The heat from the lights surrounds the set as the actors step into place. Assistants scurry about, setting up props, focusing cameras and making last minute revisions to the scene. The music and lights create an ambiance only an author can envision.
As silence falls over the studio, everyone is ready-ready to create a world full of passion and romance, betrayal and crime or sadness and tragedy. He looks up and smiles. It is just as he imagined.
Karl Stromberg, a senior in communication media, has been producing films since his freshman year of college. He said he wanted to go into the film industry as a producer since he started learning the technical side of film. “It’s the one thing I’ve found in my communication major that I’m actually passionate about,” Stromberg said. “Editing film would be awesome. I like any aspect of the process.”
Stromberg has taken digital video production, film production and a screenwriting class at N.C. State. He has produced two one-minute films, or “shorts”, called “The Hit and The Fall of Cranston” which depict four gangster-like characters on a mission, each equipped with a different weapon. “I’ve always liked the action, gangster or violent films,” he said. “In a lot of the classes I’ve been in, people tend to do stuff that’s more artsy or funny, and I want to do something different.”
Elizabeth Bridenstine, a senior in communication media, has worked on films in and out of class. In her digital video production class, she helped produce a short film called “You Booze, You Lose” which she said poked fun at overly dramatic 1980s public service announcements.
When it comes to choosing actors for films, both Stromberg and Bridenstine said they have entrusted friends and roommates to pull through and portray characters in their productions. “I choose my friends because it’s convenient,” Bridenstine said. “I’ll choose people if I know how they act in everyday life. It’s easy when you have people you know and trust.”
Rain Bennett, a 2005 graduate in communication media, emphasizes the use of the right music to accompany a scene. He said music is as equally important as the actors’ words when setting the mood for a story. “Right now I’m cutting a TV show pilot that I shot out in San Francisco, and I just can’t wait to get the music to it,” Bennett said. “If I went off and had a really good film career, I would never have anyone else in charge of my soundtrack. I am a strong believer in the rhythm in film.” Bennett, who runs his own production company based out of Chapel Hill called Flying Flounder Productions, said he has performed a multitude of roles in the making of commercials, music videos and short films.

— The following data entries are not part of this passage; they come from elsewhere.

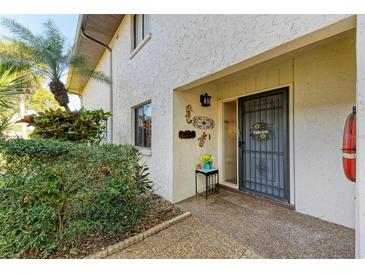 Inviting entrance with decorative accents, a storm door and lush landscaping at 3500 El Conquistador Pkwy # 119, Bradenton, FL 34210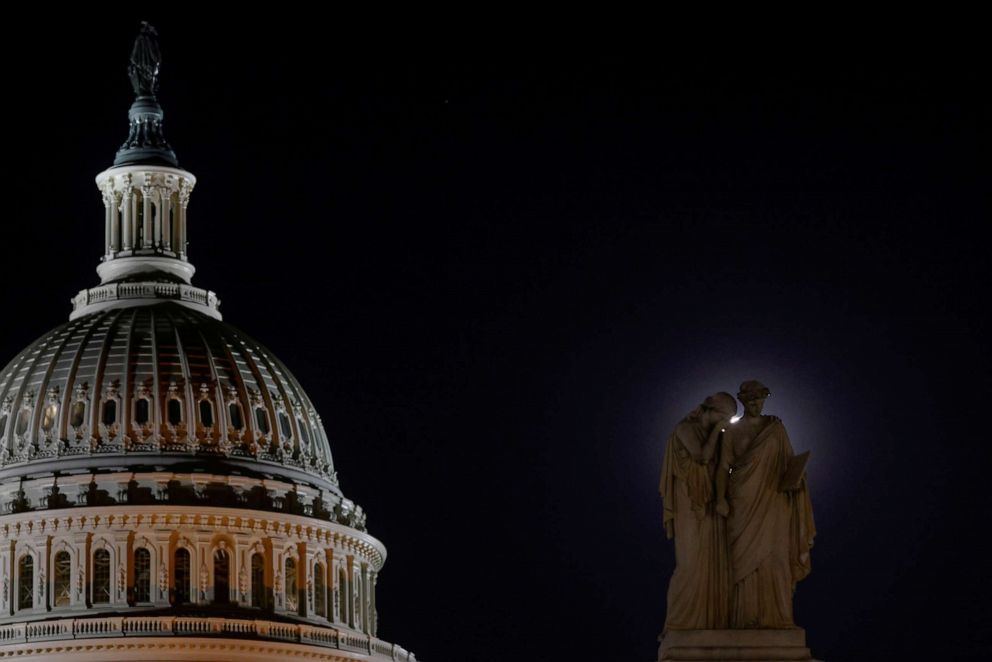 A pink Supermoon provides a halo behind the Peace Monument, with figures representing Grief and History, at the U.S. Capitol on April 26, 2021.  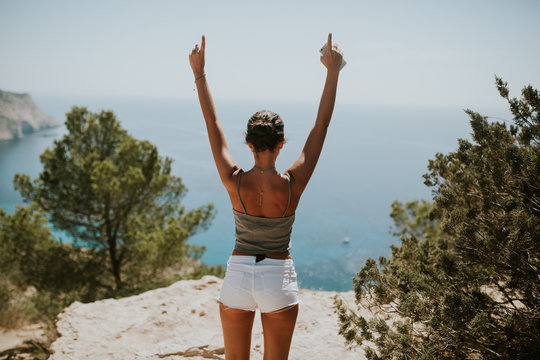 woman standing with hands up in front of the sea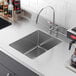 A close-up of a Regency stainless steel fabricated undermount sink bowl.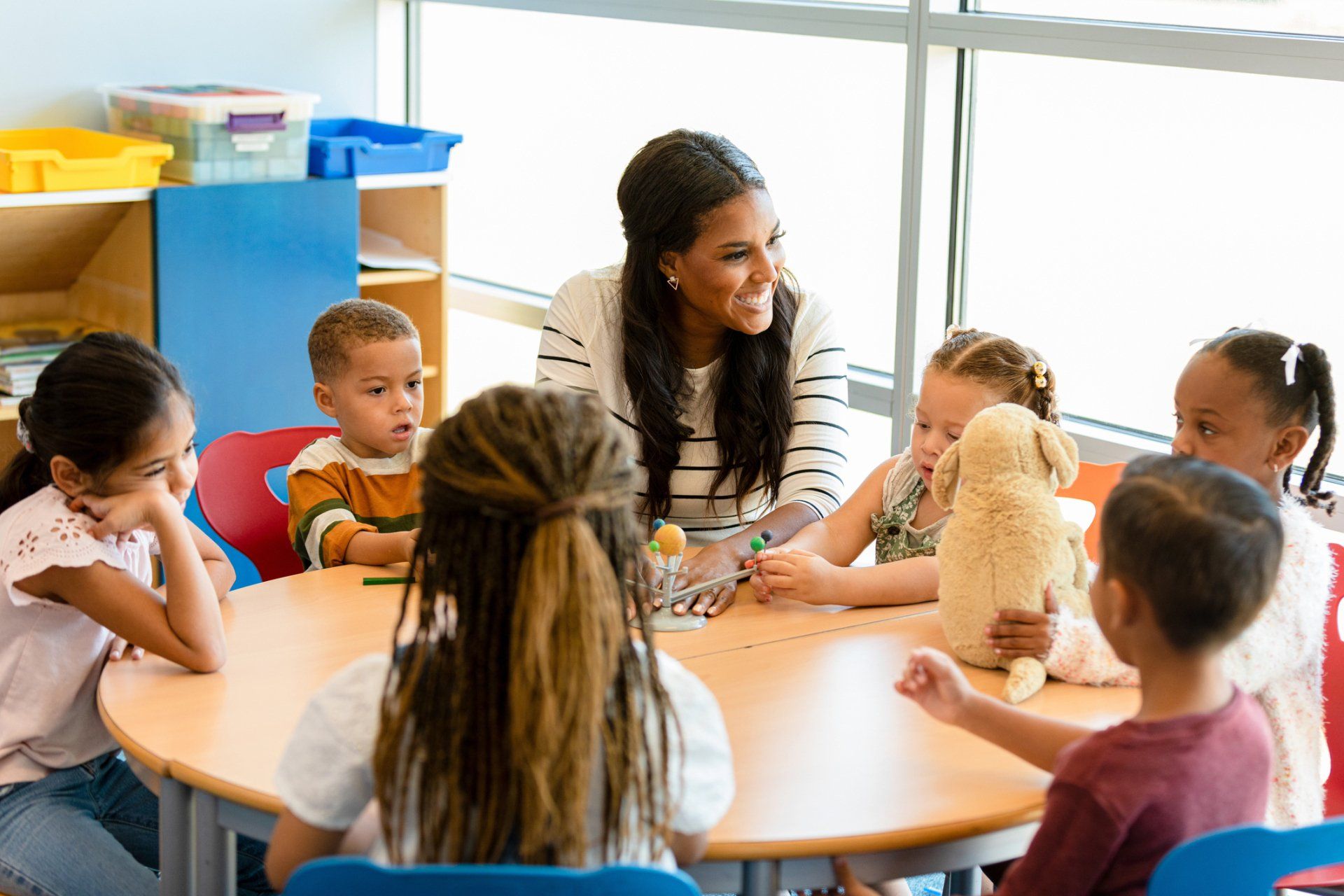 Teacher sits at round table with young children.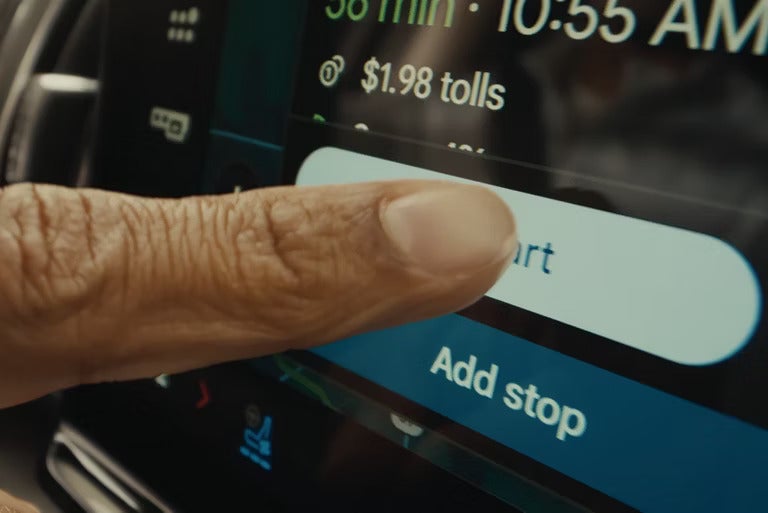 a person using the infotainment screen for navigation in a 2026 ford expedition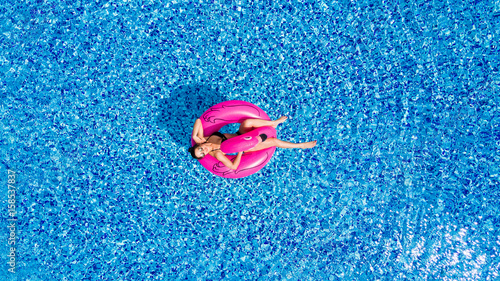 Young girl having fun and laughing and having fun in the pool on an inflatable pink flamingo in a bathing suit in summer from above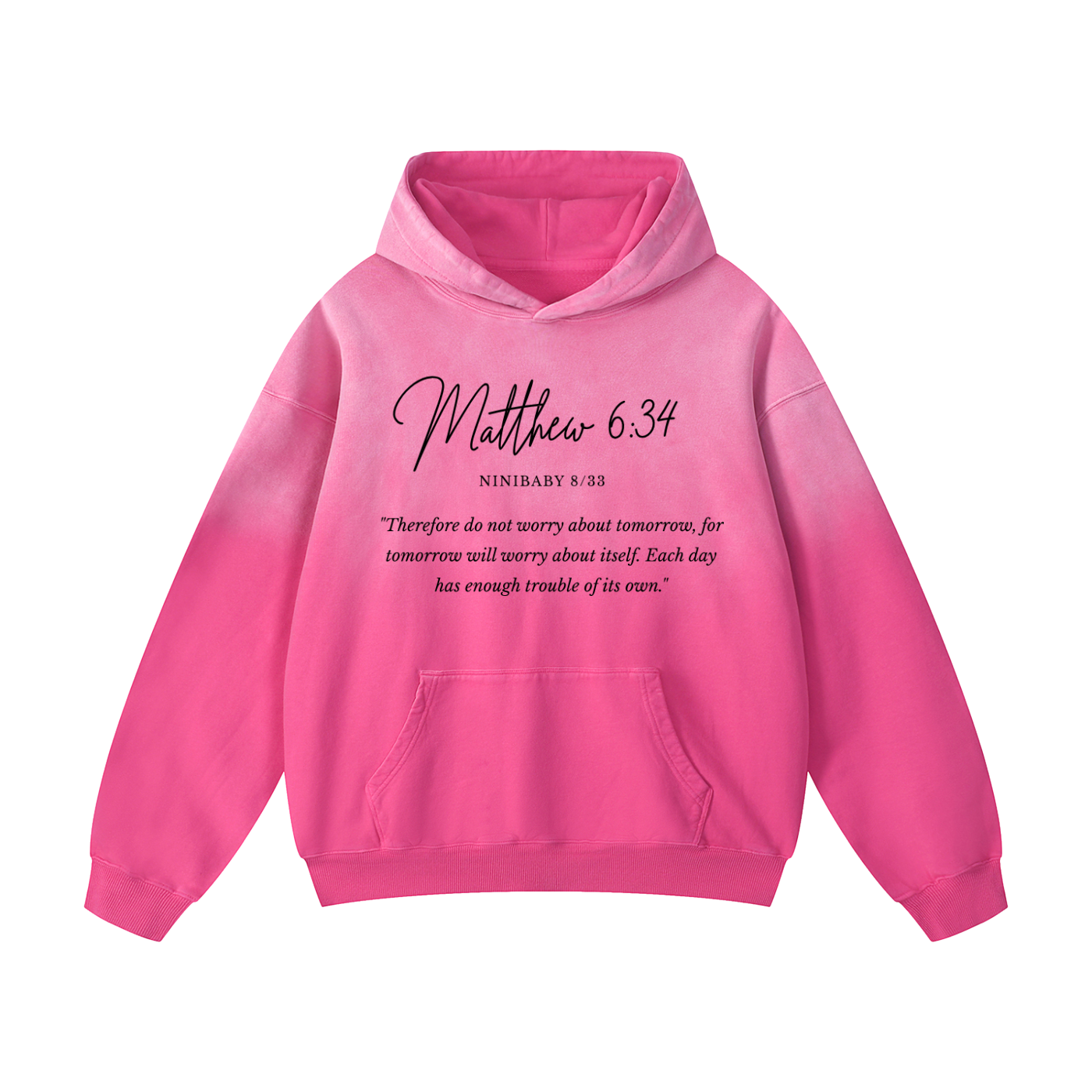 A bright pink pullover hoodie with a front kangaroo pocket and a black printed Bible verse quote on the chest reading 'Matthew 6:34' and 'NINIBAY 8:23'.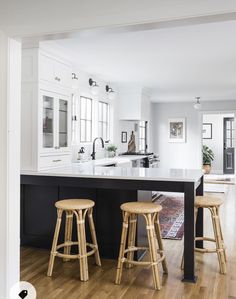 a kitchen with two stools next to an island in the middle of the room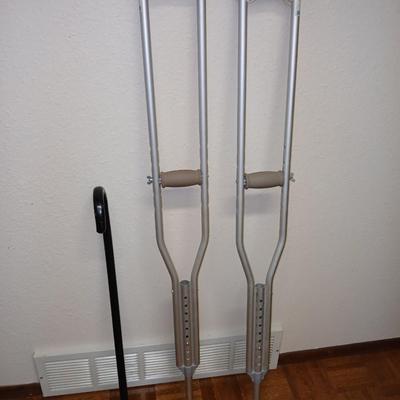 Adjustable crutches 5'2" - 5'10" and a walking cane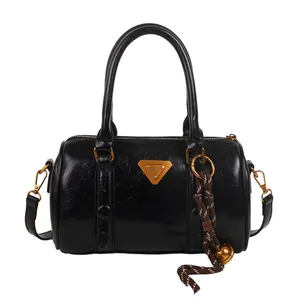 Glossy black bowling bag with double handles and golden triangular logo on white background
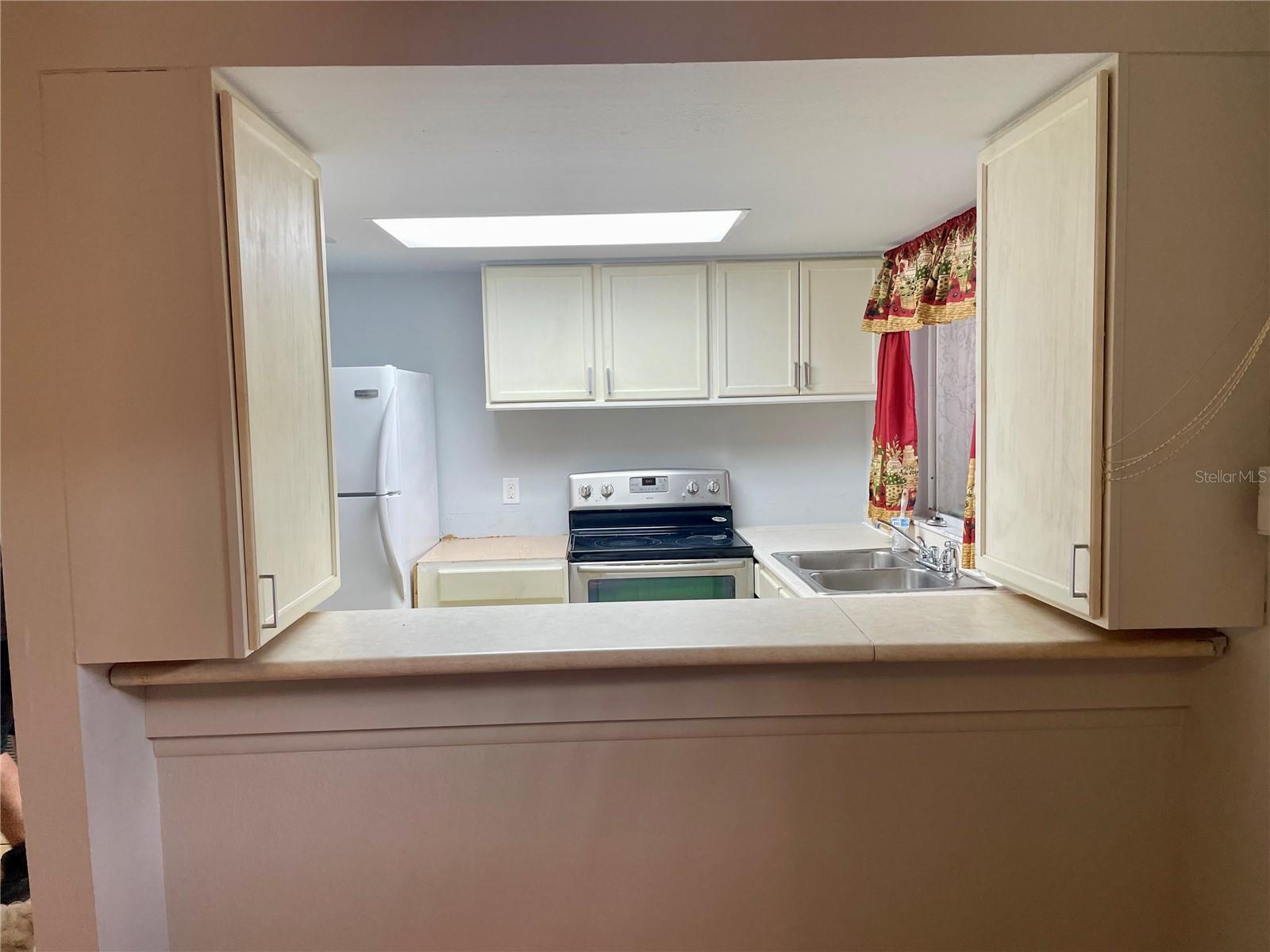 Looking into the kitchen from dining rooom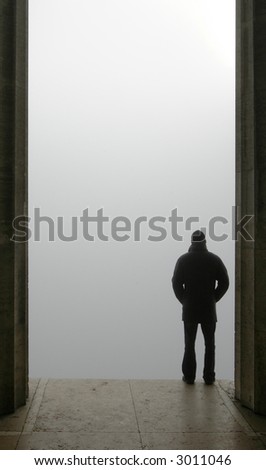 Man looking in the Fog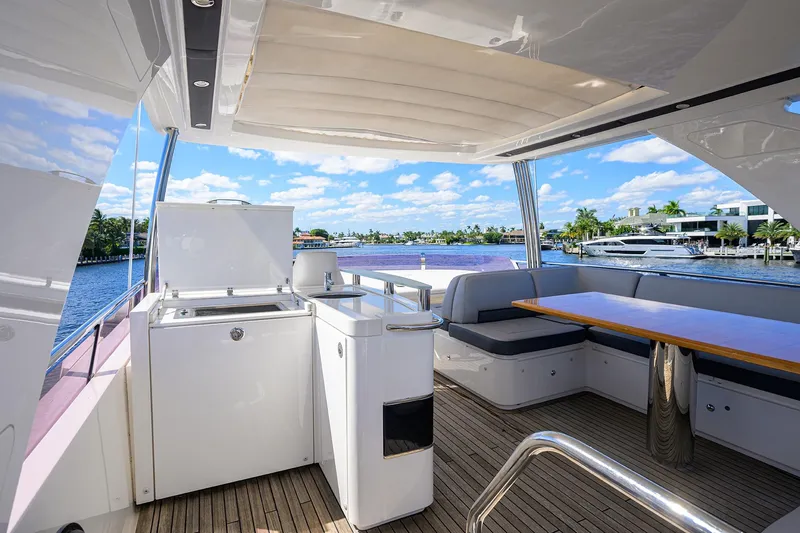 Tight Squeeze Yacht Photos Pics Luxurious 2016 Princess F64 yacht deck with seating, table, and waterfront view.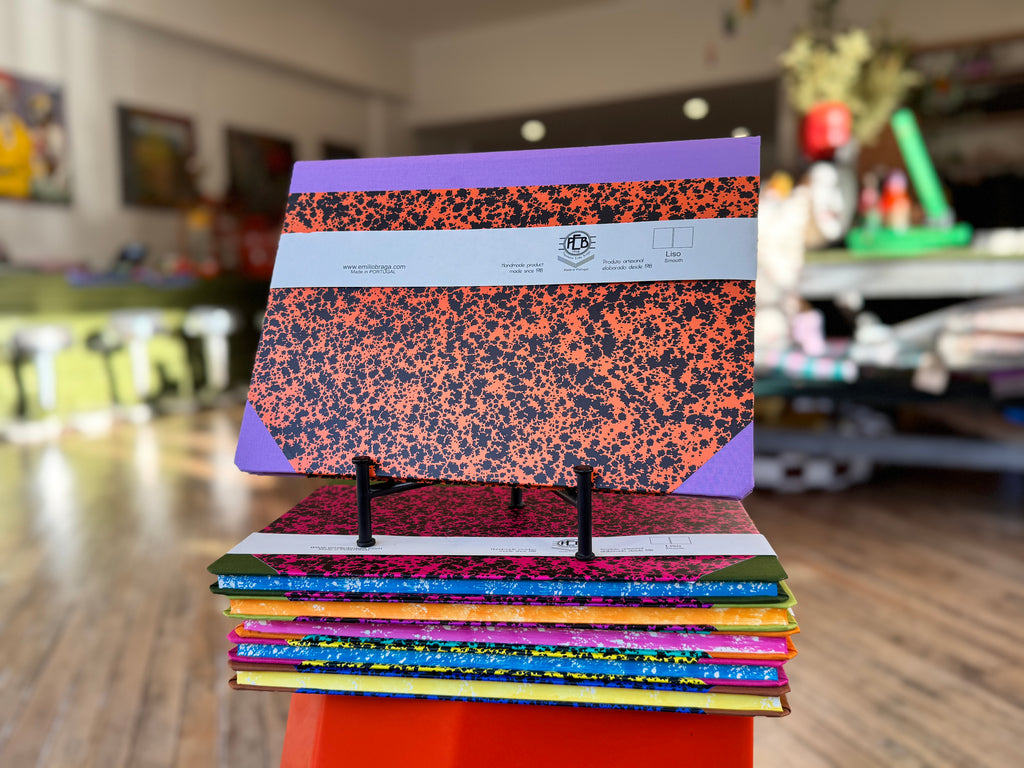 A stack of colorful composition notebooks displayed on a small orange stand in a blurred indoor shop or classroom setting. The top notebook features a purple and black speckled cover with a white paper band around the middle.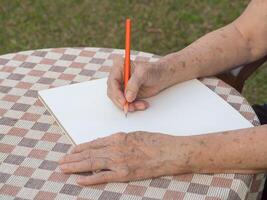 Hände von ein Senior Frau Schreiben ein Buch während Sitzung auf ein Stuhl im das Garten. Nahansicht Foto mit Kopieren Raum zum Text. Konzept von alt Menschen und Gesundheitswesen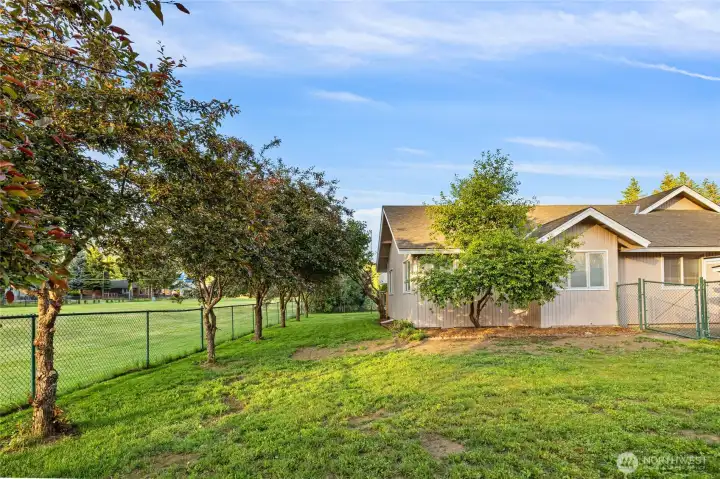 Another view showcasing the mature trees, peaceful setting, and beautiful golf course views.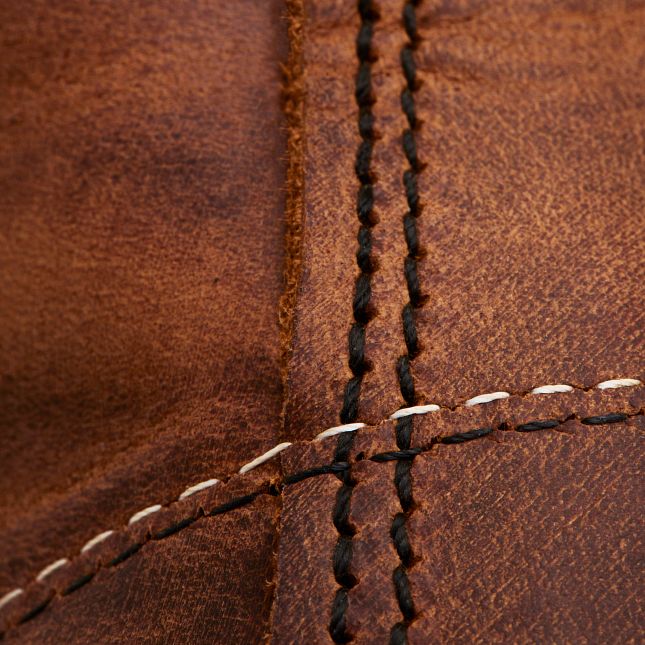 Close-up of Copper Rough & Tough leather on a Red Wing Blacksmith boot with durable Puritan triple-stitch construction.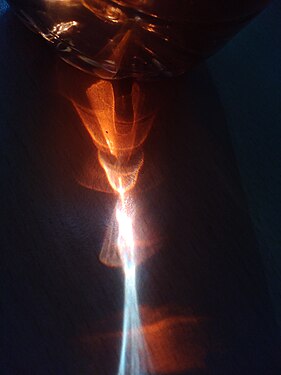 Light refraction through a bottle of tea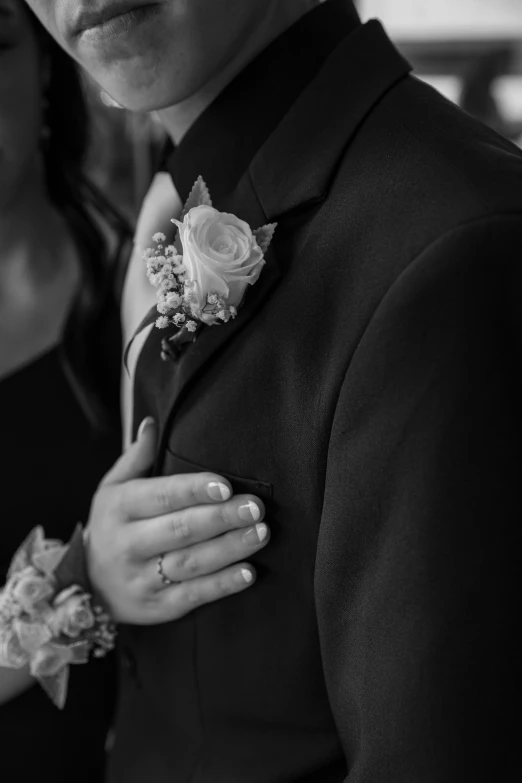 a man in a suit and flowered boutonniere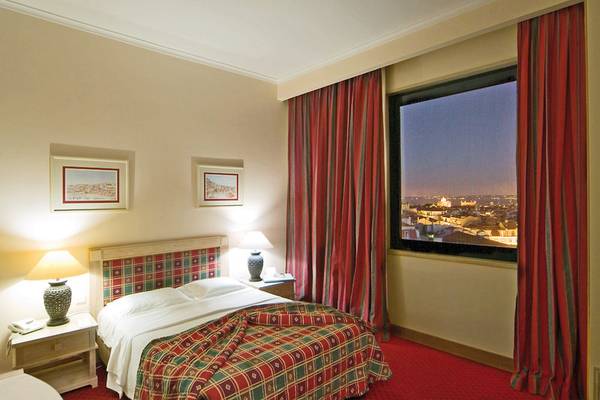 Schlafzimmer im Mundial Hotel mit Bett, Lampen und Stadtblick durch großes Fenster.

He is currently working on a documentary that depicts eastern North Carolina and its growth in business and industry. “I’ve been in the industry for three years, but the first year was just dedicated to acting roles, holding a boom, bottom-of-the-line stuff,” Bennett said. “I’ve done everything from executive producer to director of photography and everything else in between. Because I’m doing a one-man thing here, I’ve got to be technically savvy as well, even though I’m more of a writer or director.”
While Bennett invests in his own equipment for his production company by buying used and new cameras, tripods and lights, Stromberg said the equipment he uses is usually from his film and production classes. “We have 16-mm cameras, light kits, sound kits and editing software on the computer,” Stromberg said. “But since it is film, the film has to be sent away to a lab to get developed, and that takes more time and money.”
Stromberg said he prefers using film to digital technology because the pictures from digital technology seem too tailored and clear, and that is not what the human eye is used to. “Shooting on film, opposed to shooting digitally, seems like a much more pure and crisp image,” Stromberg said. “Something about the quality seems more traditional.”
Bridenstine and Bennett have both entered short films in NCSU’s annual Pinwheel Film Festival in previous years, held at Witherspoon Student Center. Bridenstine said last year’s films included “experimental films, long epics and sci-fi films.” “You have to have your film done in a DVD or mini DV format, and you submit it with a tag line,” Bridenstine said. “It is a good thing for students and people who are afraid to take the next step in filmmaking.”
The festival, hosted by Union Activities Board, began in the spring of 2004 and provides an outlet for student filmmakers to display their work to the campus community. Bridenstine said she plans on submitting a film in this year’s festival. The deadline for submission is March 30.